Councilman Scott Barrett is in the latter camp. He believes the city is in an emergency situation. He said the city’s infrastructure is crumbling, it needs more police officers and has trouble retaining good employees due to low pay compared with nearby municipalities.

“When is this going to be an emergency for this council?” Barrett asked.

Barrett believes the city should completely eliminate its 1-percent income tax credit offered to residents who work in other municipalities.

“We can always give it back,” Barrett said.

A proposal to cut the income tax credit in half was defeated by council earlier this year. It would have generated about $3 million annually.

In addition to Barrett, the measure was supported by council members Cornelius McGrady and Mel Clemens.

“What are you hoping to accomplish when you keep asking the same question?” Councilman Barth Cotner asked Barrett.

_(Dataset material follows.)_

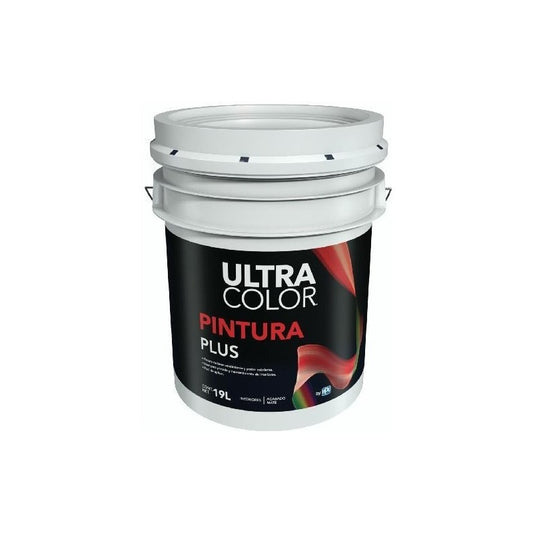 Cubeta De Pintura Vinilica Lavable 19lt Color Blanco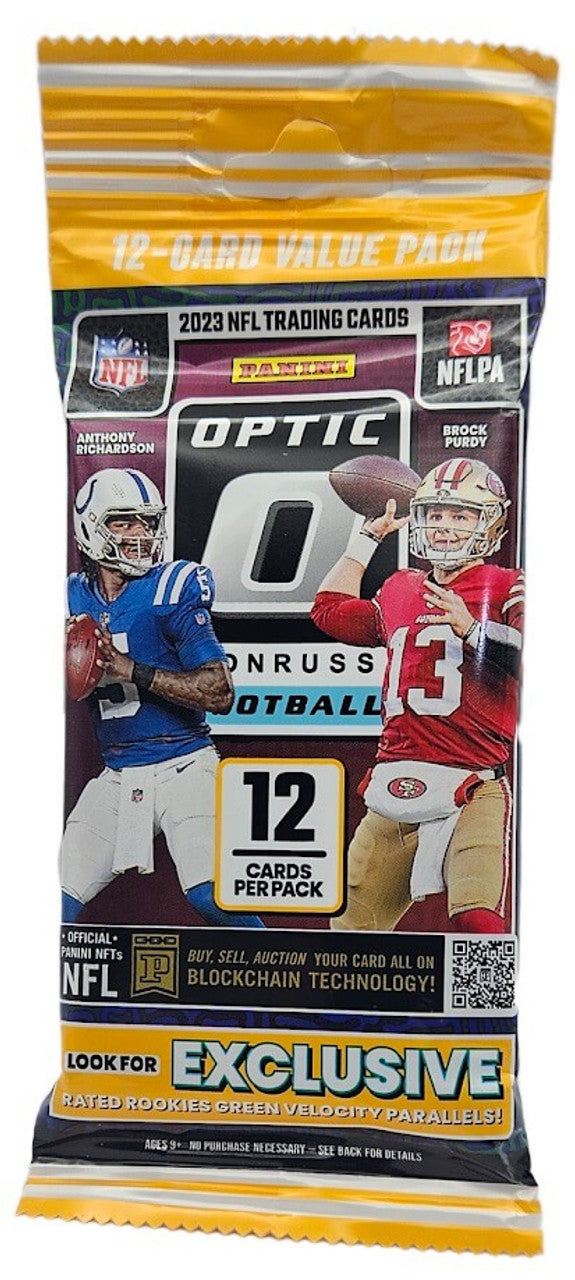 2023 Panini Donruss Optic Football 12 Card Jumbo Value Pack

Cotner supports going to the ballot to try and pass an income tax increase tied to the creation of a recreation center.

“We’ve not tried this approach,” Cotner said. “I just feel that people can relate to something positive.”

Councilwoman Leslie Kelly also supports that approach.

“The key is, we’ve got to give the community something to get behind,” she said.

Harris, however, noted city voters resoundingly rejected a similar proposal in 1998.

“It wasn’t marketed particularly well,” Harris said.

City voters have not approved an income tax increase in the city since 1981. Last year voters rejected an income tax increase – from 1.5 percent to 2.5 percent – by a 55 percent to 45 percent margin.

The city operates on a budget that generates about $14 million in income annually. Gahanna and Reynoldsburg are the only two Franklin County cities to tax their residents’ income at a rate of less than 2 percent.

Councilman Chris Long does not believe the creation of a recreation center is the way to garner support to raise income tax rates. He noted the wealthy community of Orange Township in Delaware County recently rejected a proposal to raise property taxes to pay of the construction of a community center. He said officials should focus on selling voters on the needs of the city and not the wants.

According to Harris, the city at one time spent an average of 15 percent of its income tax revenue on capital improvement projects. In recent years, it has spent about 2 percent of income tax revenue on capital improvements.

At the current rate of spending, it would take about 200 years to complete the most recently improved capital improvement plan.

“There’s clear justification to go back to the people,” he said.